Cyanotype – A practical guide

And so, another book appeared in the Library of Alternative Photographic Processes. This time it is about cyanotype printing, a technique that is probably the most popular of all and at the same time the most underappreciated, not to say neglected.

It is the most popular, because, at least at first sight, it appears to be laughably easy. You just take two chemical compounds, two solutions that can be bought at Alternative Photographic Supplies, mix them at the rate of 1:1, coat on your paper, dry, apply the negative, place in sunlight for a few minutes, then put in a tray of water and voile, you have a print. It would seem few things can be simpler, easier. This apparent simplicity encourage most people interested in historical photography to start their adventure with cyanotype printing.

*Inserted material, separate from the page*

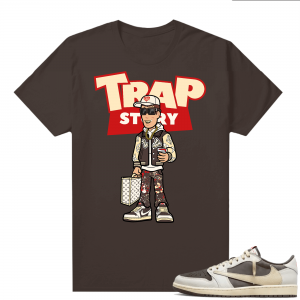 Travis Scott Jordan 1 Low Reverse Mocha Shirts Brown Trap Story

At the same time the technique is often taken lightly for the very same reasons; at first sight it appears to be simple, not to say primitive and to offer few creative possibilities. After all, if something is that ease, it can’t be versatile, can it? And this unfortunate blue colour that only sometimes fits the composition.

Once I have finished working on a book devoted to carbon transfer printing, I decided to take on the myth of excessive simplicity and limited possibilities that have always plagued cyanotype and to show the whole range of possibilities it offers. Months of research and tests, both of old and modern texts allowed me to collect material whose richness proved surprising even to myself. Starting with a variety of recipes, through various means by which the contrast of resulting prints can be affected as well as various methods of toning prints and ending with much less typical solutions such as cyanotype prints on glass. Finally, all the work has been summed up in my latest book, the longest of all that I have written on historical printing. You are most welcome to read and assess it.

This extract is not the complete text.